Why do we normally block URLs via robots.txt?

Blocking URLs via robots.txt is a popular way to save crawl resources and to make sure that crawlers can focus their crawling on important pages. But a major issue with this method is that URLs that were already indexed before they were blocked will remain indexed.

Also, URLs that are blocked via robots.txt can still be indexed without being crawled, which sometimes occurs when they have links (internal or external) pointing to them.

So robots.txt really only solves the crawl resource problem, but it has no direct impact on indexing.

Do we really need to worry about “Indexed, though blocked by robots.txt”?

Google Search Console itself is pretty clear about this. In the “Indexed, though blocked by robots.txt” report, it says: “This is a non-critical issue”.

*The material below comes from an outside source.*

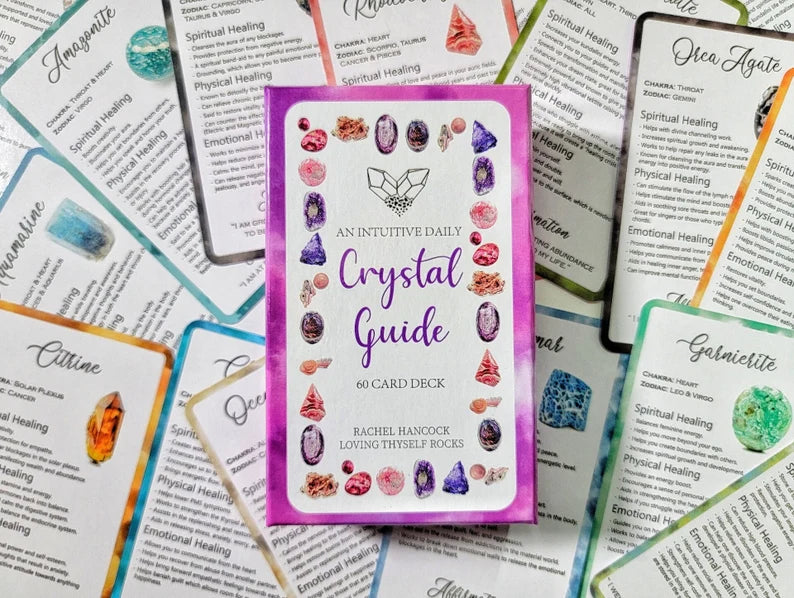 Intuitive 60 Card Crystal Deck - Healing Information Cards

The main reason why we would want to fix this issue is to prevent URLs that are “Indexed, though blocked by robots.txt” from showing up in Google’s search results. In most cases we can assume that we don’t want URLs that are blocked from crawling to be indexed and to show up in the SERPs.

When a URL that is “Indexed, though blocked by robots.txt” shows up in Google’s search results, it looks like this example from the Dutch version of Zamnesia on zamnesia.nl, with a minimal snippet that claims that there is no information available for the page:

This is the only URL on Zamnesia that we forgot to unblock. Lucky for us, because otherwise we wouldn’t have a screenshot for this example 😉

If you have many important SEO issues to take care of, this is definitely one that you can leave for later. If, on the other hand, like Zamnesia, your site is already very well optimised, it is a good idea to take care of issues like this one to provide an optimal search experience for your users.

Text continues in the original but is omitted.